What you have to do:
Make the copy match the entries below exactly, with no pictures carried over.

Records supplied:
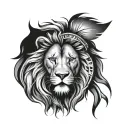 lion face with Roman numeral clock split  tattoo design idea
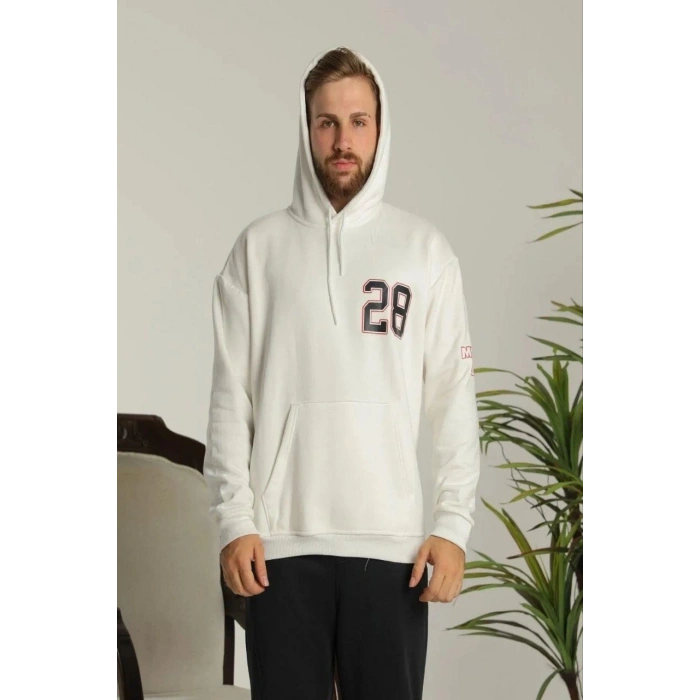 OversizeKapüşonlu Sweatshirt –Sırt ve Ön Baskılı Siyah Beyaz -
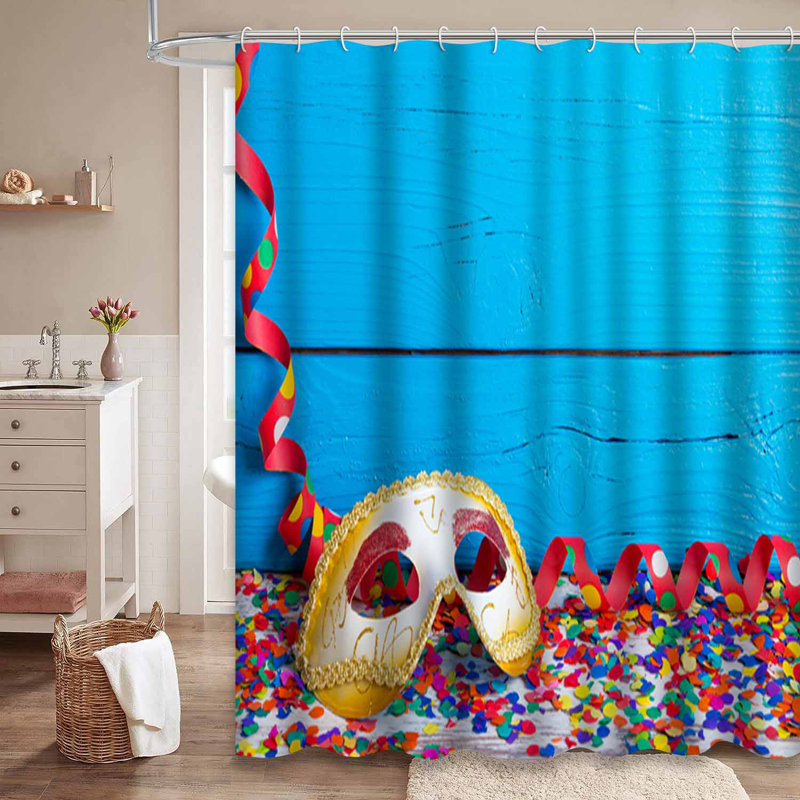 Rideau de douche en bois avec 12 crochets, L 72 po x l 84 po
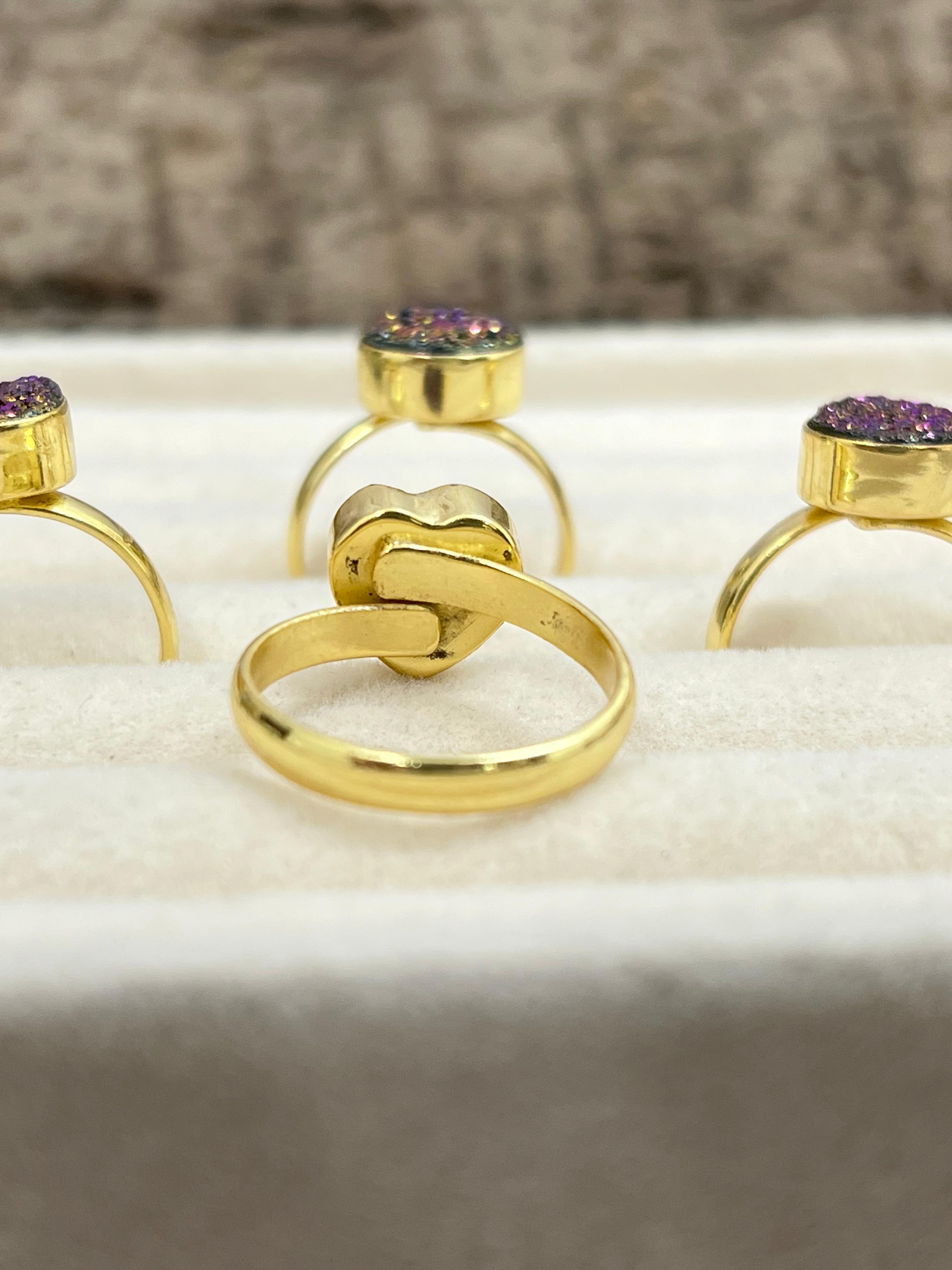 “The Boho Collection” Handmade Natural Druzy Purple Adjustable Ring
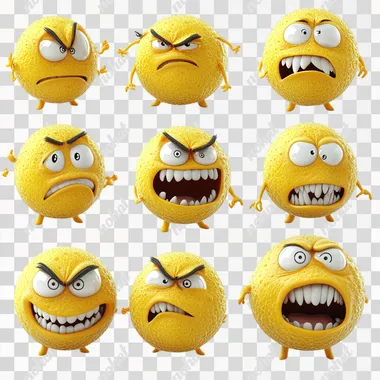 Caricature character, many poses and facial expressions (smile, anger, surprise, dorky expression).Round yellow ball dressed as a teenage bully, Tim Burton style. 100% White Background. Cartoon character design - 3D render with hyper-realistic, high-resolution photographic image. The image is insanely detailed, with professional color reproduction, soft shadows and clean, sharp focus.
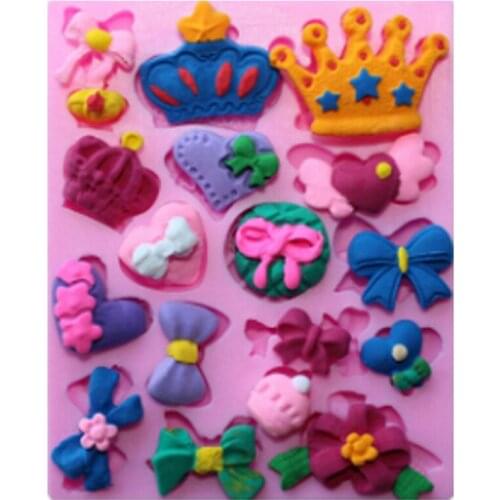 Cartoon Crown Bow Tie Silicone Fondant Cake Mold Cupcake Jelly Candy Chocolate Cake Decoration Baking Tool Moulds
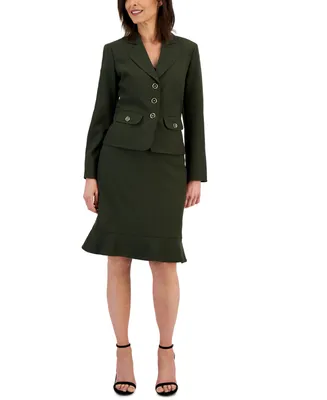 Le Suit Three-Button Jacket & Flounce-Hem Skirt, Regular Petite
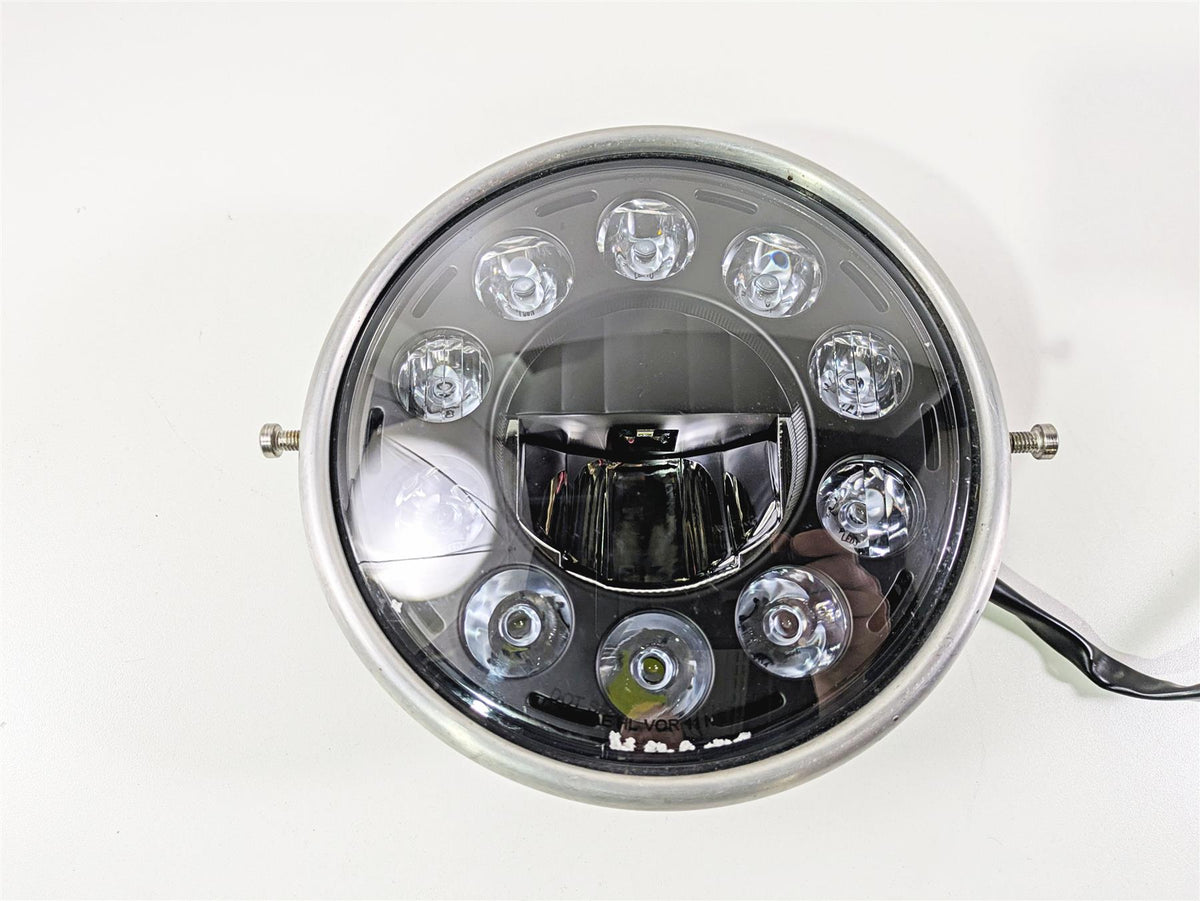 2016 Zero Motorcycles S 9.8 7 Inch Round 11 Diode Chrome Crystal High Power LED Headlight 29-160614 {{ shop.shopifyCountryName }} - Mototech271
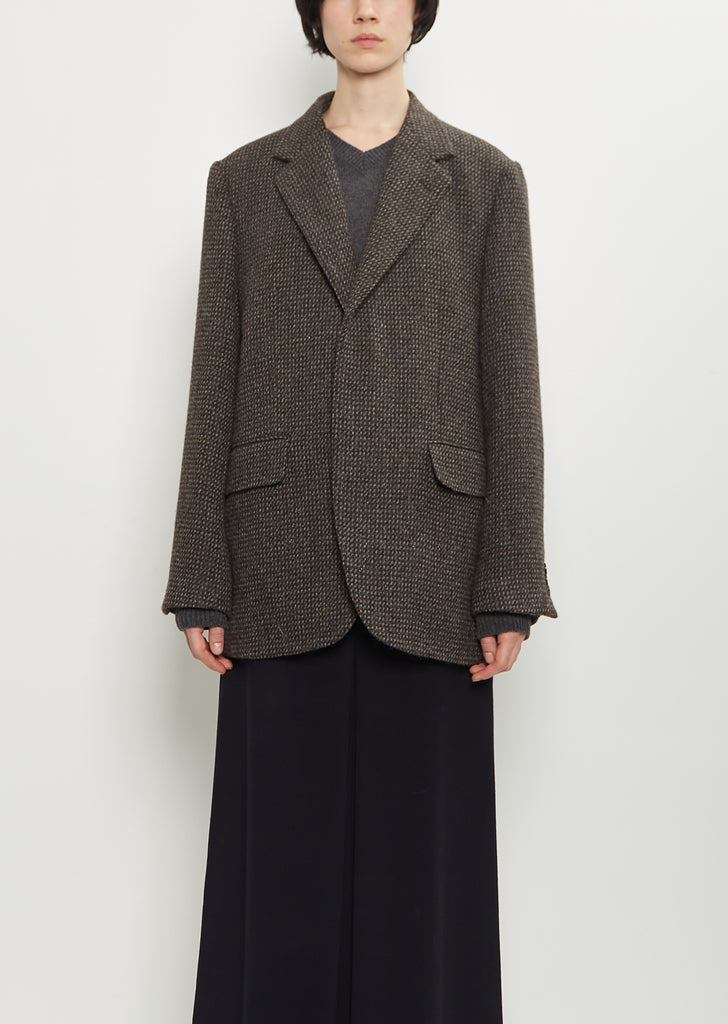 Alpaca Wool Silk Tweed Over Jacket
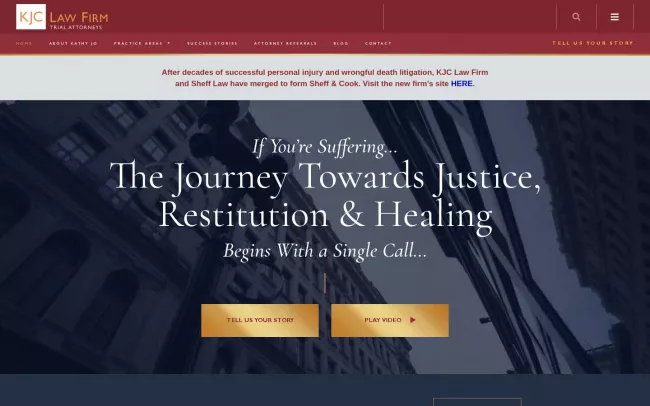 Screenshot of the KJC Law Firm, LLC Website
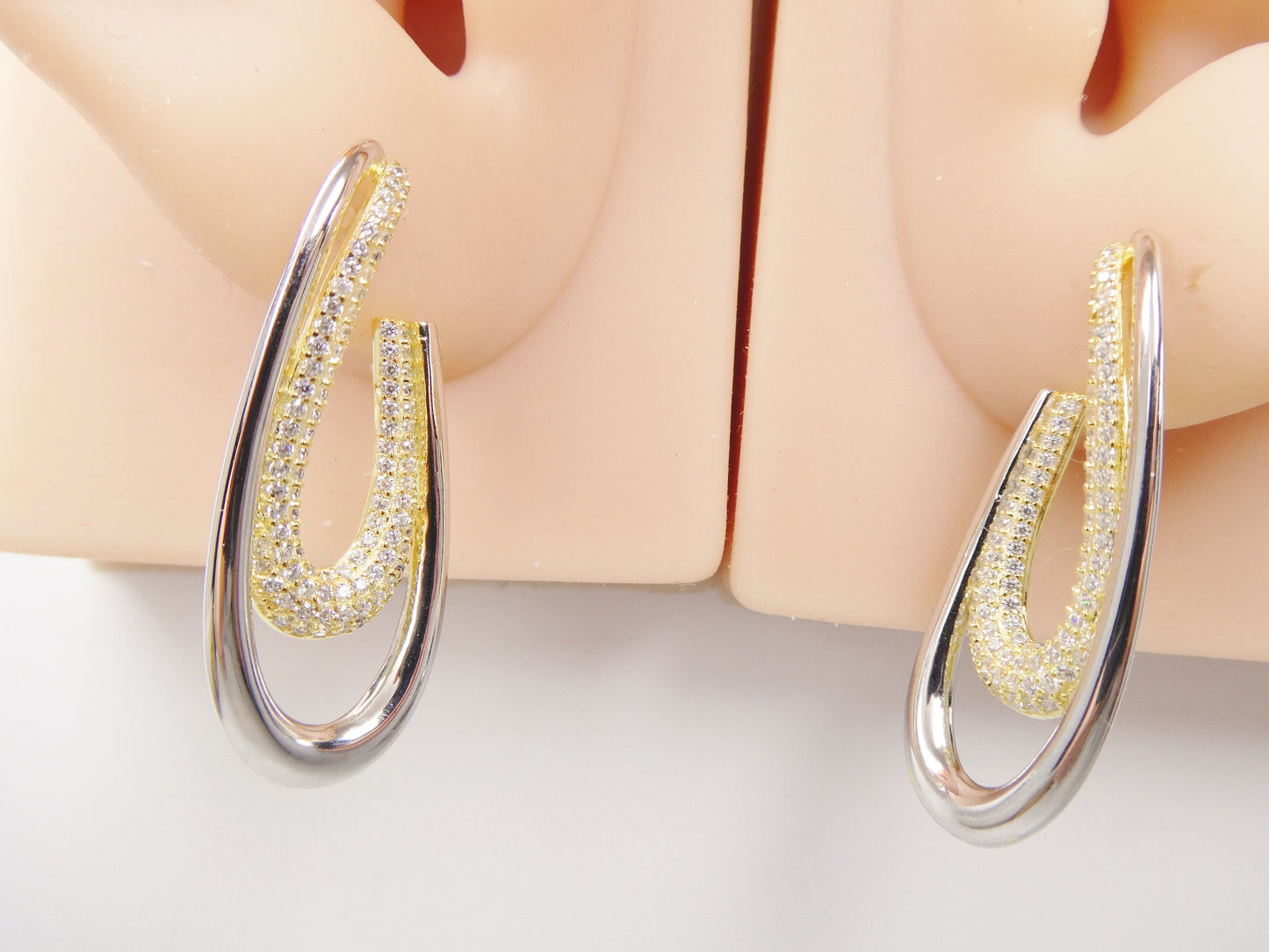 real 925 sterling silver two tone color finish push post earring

Output:
 lion face with Roman numeral clock split  tattoo design idea
 OversizeKapüşonlu Sweatshirt –Sırt ve Ön Baskılı Siyah Beyaz -
 Rideau de douche en bois avec 12 crochets, L 72 po x l 84 po
 “The Boho Collection” Handmade Natural Druzy Purple Adjustable Ring
 Caricature character, many poses and facial expressions (smile, anger, surprise, dorky expression).Round yellow ball dressed as a teenage bully, Tim Burton style. 100% White Background. Cartoon character design - 3D render with hyper-realistic, high-resolution photographic image. The image is insanely detailed, with professional color reproduction, soft shadows and clean, sharp focus.
 Cartoon Crown Bow Tie Silicone Fondant Cake Mold Cupcake Jelly Candy Chocolate Cake Decoration Baking Tool Moulds
 Le Suit Three-Button Jacket & Flounce-Hem Skirt, Regular Petite
 2016 Zero Motorcycles S 9.8 7 Inch Round 11 Diode Chrome Crystal High Power LED Headlight 29-160614 {{ shop.shopifyCountryName }} - Mototech271
 Alpaca Wool Silk Tweed Over Jacket
 Screenshot of the KJC Law Firm, LLC Website
 real 925 sterling silver two tone color finish push post earring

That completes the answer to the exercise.